Si emprendiéramos el viaje a Marte, viajando a una velocidad promedio de 18.000 km/h, nos llevaría seis meses de aislamiento en una nave espacial. No hay paradas en el medio. Todo el alimento, todos los utensilios técnicos, el combustible necesario, todo debe ser transportado en la nave. Y en el poco espacio que queda disponible, hombres y mujeres deben convivir aislados a miles de kilómetros de sus hogares, rodeados de la soledad del espacio. Al igual que los antiguos exploradores, los astronautas deben mentalizarse de que acaso ese sea un viaje del que no puedan volver.

Cuando el astronauta abandone la nave, el traje espacial lo protegerá de las temperaturas extremas, de la falta de oxígeno y del daño que le podrían hacer los rayos del sol. Debajo del traje, 91 metros de tubitos de agua permiten que la temperatura de su cuerpo sea normal. Además cuenta con un micrófono y altavoz para poder escuchar y hablar con el resto del equipo (en la nave y en la Tierra). Para más seguridad, el astronauta se sujeta a la estación a través de un cable. Si este se cortara, podría quedar flotando en el espacio para siempre, como ocurre en la película 2001: Odisea del espacio, de Stanley Kubrick (1968).

Amundsen llegó por primera vez a la Antártida en 1911. Hoy en día varios países tienen sus bases instaladas en el continente blanco.
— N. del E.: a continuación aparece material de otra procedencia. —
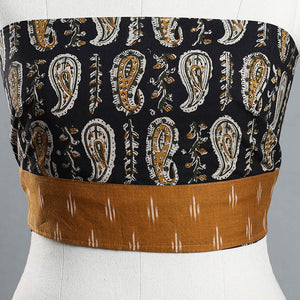 Black - Block Printed Cotton Bagru Blouse Piece 04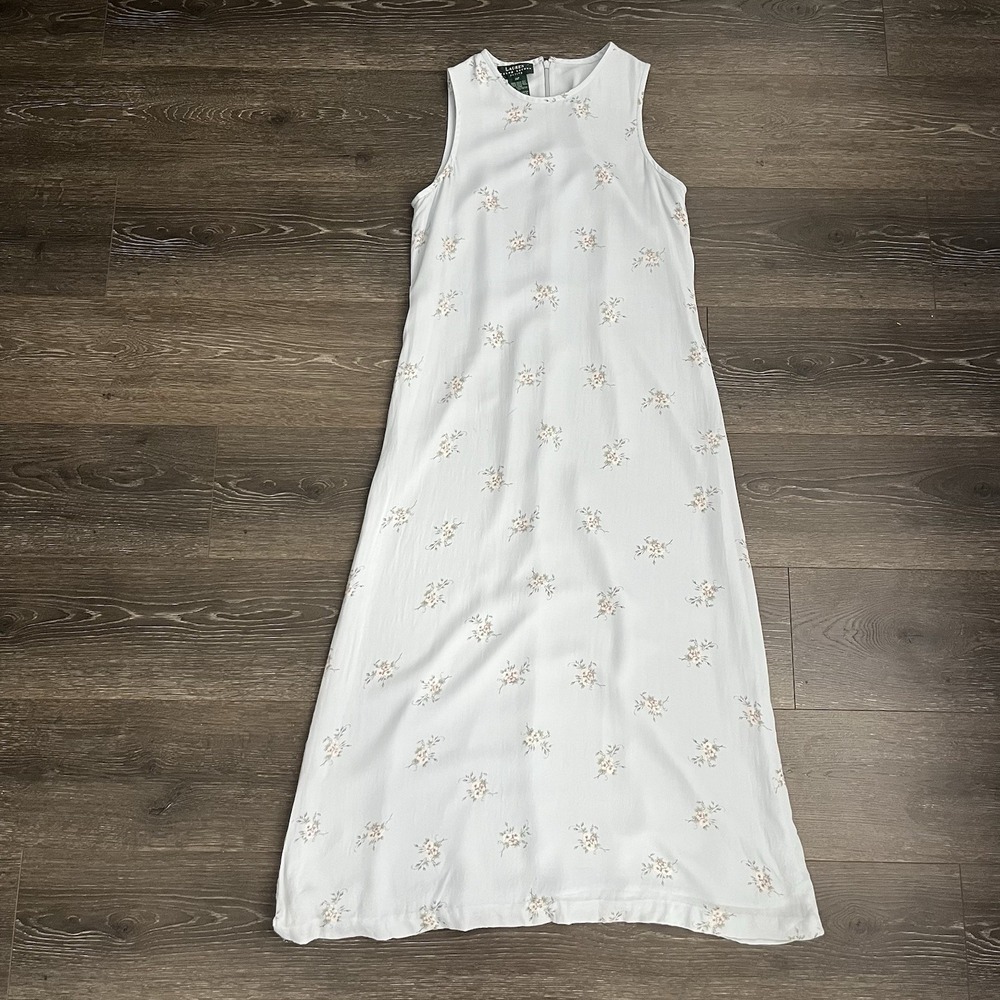 VTG LRL Petites Ralph Lauren 100% Silk Maxi Dress 8‎ Y2k Floral Cottage Coquette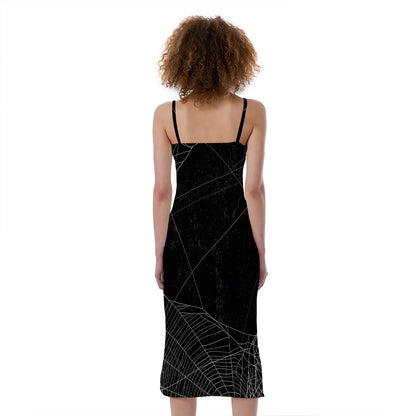 Halloween Spider Web Print Slim Fit Midi Cami Dress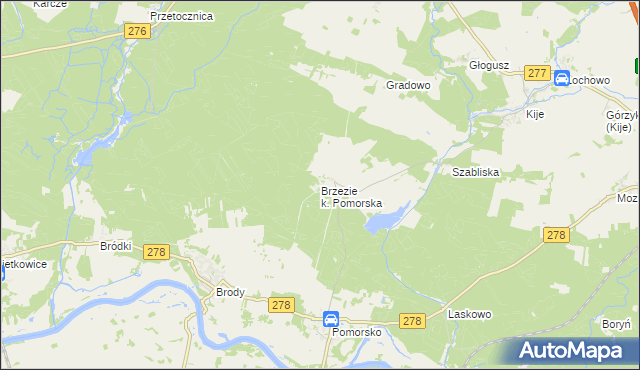 mapa Brzezie k. Pomorska, Brzezie k. Pomorska na mapie Targeo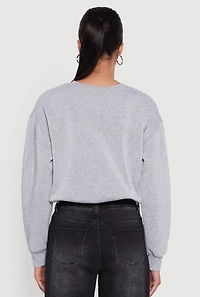 Womens Cropped Bubble Hem Long Sleeve Sweatshirt, Grey, Size M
Armstrong pisó la luna en 1969, pero aún no se ha podido instalar ninguna base en ella. Sin embargo, las investigaciones realizadas para los viajes espaciales han permitido el desarrollo de inventos como la máquina de diálisis, la tomografía computada y las herramientas inalámbricas, entre otros.

Acaso el principal motor que mueve a los astronau­tas y a los hombres que siguen sus aventuras desde la Tierra sea la hipotética perspectiva de descubrir otros planetas donde la vida sea posible. O, quizás, la esperanza del anhelado contacto con otras civilizaciones lejanas.